DESCRIPTION OF THE TASK:
Starting at the line with "Fill it about" and ending at the line with "Should you buy", print exactly the lines of the entries below. Pictures do not belong in the copy.

RECORDED DATA:
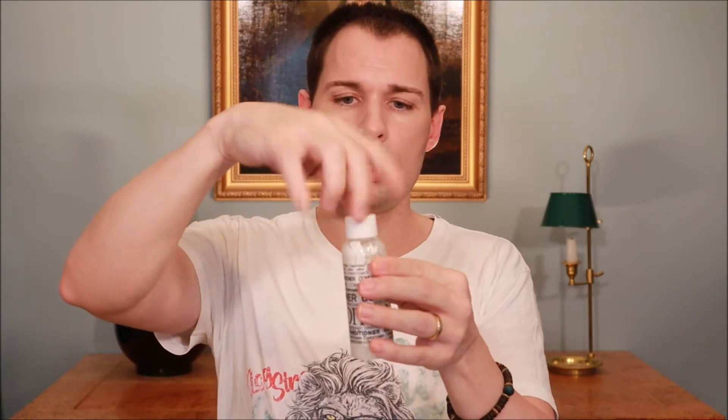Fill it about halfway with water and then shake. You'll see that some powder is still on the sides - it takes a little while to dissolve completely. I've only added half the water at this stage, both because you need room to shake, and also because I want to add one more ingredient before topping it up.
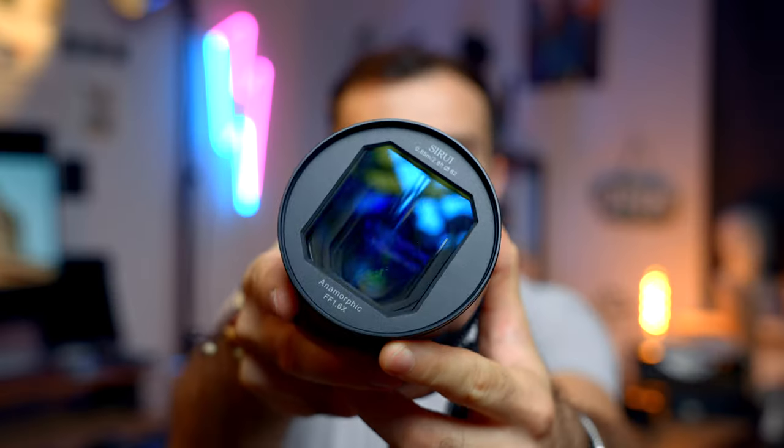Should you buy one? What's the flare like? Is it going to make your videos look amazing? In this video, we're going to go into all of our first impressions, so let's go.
---
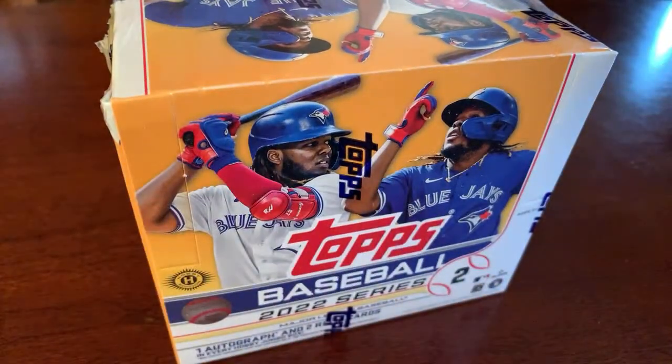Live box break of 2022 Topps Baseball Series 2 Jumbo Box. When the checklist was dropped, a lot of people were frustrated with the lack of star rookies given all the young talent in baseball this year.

WRITTEN RESPONSE:
Fill it about halfway with water and then shake. You'll see that some powder is still on the sides - it takes a little while to dissolve completely. I've only added half the water at this stage, both because you need room to shake, and also because I want to add one more ingredient before topping it up.
Should you buy one? What's the flare like? Is it going to make your videos look amazing? In this video, we're going to go into all of our first impressions, so let's go.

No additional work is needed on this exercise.